## RECORDS FOR THE TASK:
* * * * * * *
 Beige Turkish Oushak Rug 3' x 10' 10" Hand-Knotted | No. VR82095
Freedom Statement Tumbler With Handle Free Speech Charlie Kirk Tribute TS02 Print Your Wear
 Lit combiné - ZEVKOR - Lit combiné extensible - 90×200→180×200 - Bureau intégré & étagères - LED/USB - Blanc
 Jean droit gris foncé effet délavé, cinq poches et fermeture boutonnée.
* * * * * * *
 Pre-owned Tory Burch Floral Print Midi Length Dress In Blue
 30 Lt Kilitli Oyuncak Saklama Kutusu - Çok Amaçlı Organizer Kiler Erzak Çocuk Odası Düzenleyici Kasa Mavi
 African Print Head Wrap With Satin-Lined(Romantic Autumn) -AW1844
* * * * * * *
## EXERCISE OBJECTIVE:
Given the records above, reproduce precisely and only the lines between the line holding "Freedom Statement Tumbler" and the line holding "Jean droit gris", inclusive.

## PROBLEM SOLUTION:
Freedom Statement Tumbler With Handle Free Speech Charlie Kirk Tribute TS02 Print Your Wear
 Lit combiné - ZEVKOR - Lit combiné extensible - 90×200→180×200 - Bureau intégré & étagères - LED/USB - Blanc
 Jean droit gris foncé effet délavé, cinq poches et fermeture boutonnée.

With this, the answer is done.